Monday, November 2, 2009

Content - SEO Friendly Content

Search engines obviously place a lot emphasis on a site’s content when assessing its relevance to a particular topic. There are many ways that they evaluate the content. Many years ago, search engines figured if a word was mentioned a lot on a page or site, then that site must be relevant to that topic. However, it became far too common for people to stuff a site full of keywords; many times the wording was unnatural, and people hid text by making it color of the background, etc. Search engines realized that this did not help provide their users with truly relevant results and have since lessened the emphasis they place on keyword density. While it is important to use a target keyword on a page or site, the search engines are aiming for relevance, and density isn’t the only measure. Therefore, it is very important to use target keyword(s) found in the target audience’s natural vocabulary.

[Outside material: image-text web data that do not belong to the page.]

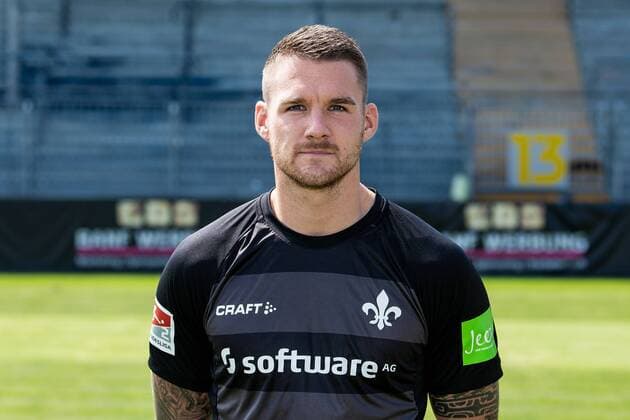 17.07.2019, xfux, Fussball 2.Bundesliga, SV Darmstadt 98, 2.BL, Porträttermin 2019 2020, Fototermin, emonline, emspor, deloka, v.l. Marcel Schuhen; (SV Darmstadt 98) Darmstadt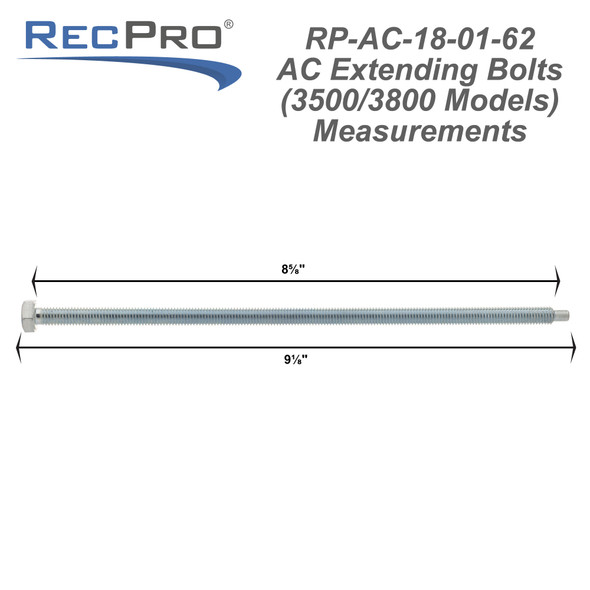 RV A/C Unit Bolts for Thick Roofs <5-5/8" (3800, 3501  Models)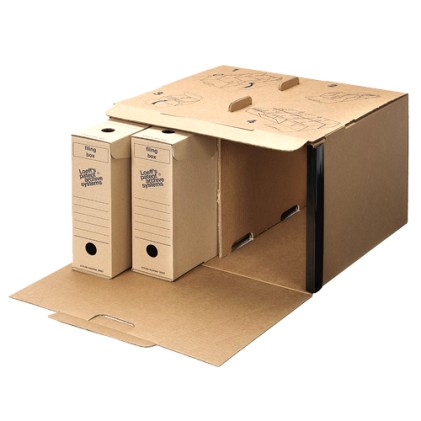 Fellowes Loeffs Confezione da 15 Contenitori per File Jumbo Plus - Colore Marrone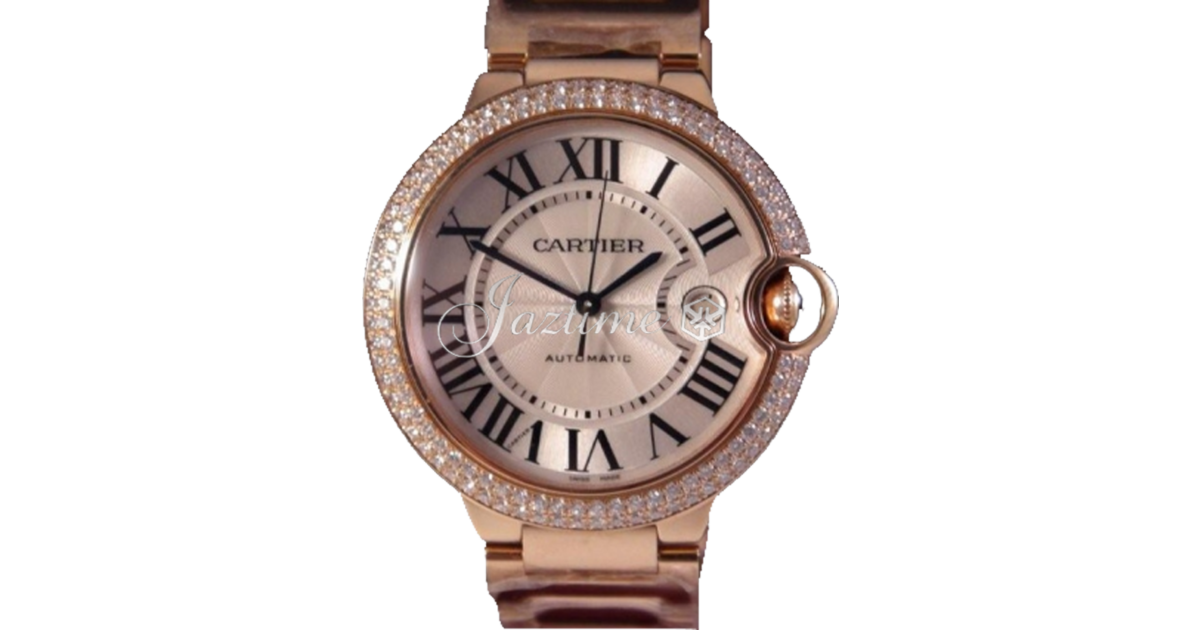 CARTIER WE9008Z3 BALLON BLEU DE 42mm PINK GOLD BRAND NEW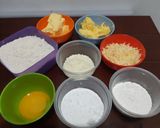 Foto langkah ke 1 dari resep Putri Salju keju.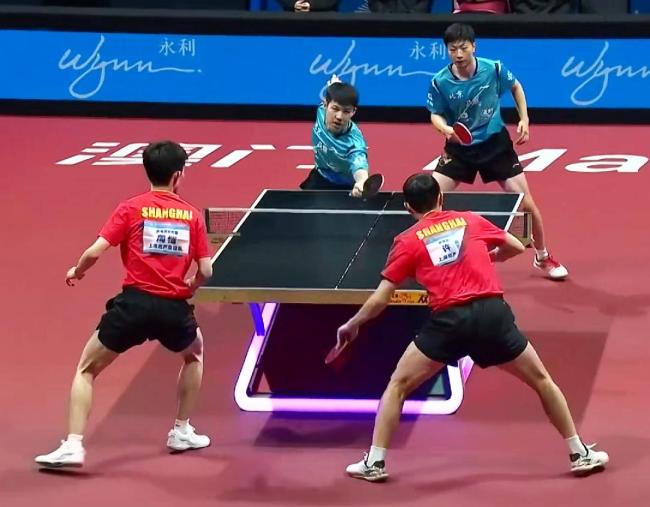 马龙黄友政3比1许昕周恺 北京组合成功复仇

When looking at content, a small way that search engines determine the importance of a word is its characteristics on the web page. Is it linked to another page? Is it in bold? These are hints that search engines can use since it makes sense that a word that is somehow made to stand out has some importance.

A common content issue for websites is duplicate content (both on the same site and amongst many websites). There are many reasons why content may be duplicated throughout a site (like browser and printer friendly versions of the same page). Search engines feel it is important to direct their users to the most relevant and original version of the content. Further, it can confuse the engines when identical content appears on a site in more than one place. There are a few ways to deal with this situation. One is redirecting from one version of the page to the main version of the page using what site administrators refer to as a 301 redirect. The other is to use the robots.txt file, a simple text file housed in the root directory of a website’s file structure that instructs web spiders to ignore a particular web page.

It is also important to note that search engine spiders cannot read all types of content. They cannot read the text within Flash; they cannot interpret the words in an audio file; and they are unable to determine the words used within a video. However, site designers can use tags (such as <ALT> tags with images) to help the web spiders know what a piece of media is about. The Flash, audio, or video can also be surrounded by regular HTML text content that is descriptive of the content. Using <ALT> tags is only really crucial when the majority of a website’s content is unreadable to web spiders.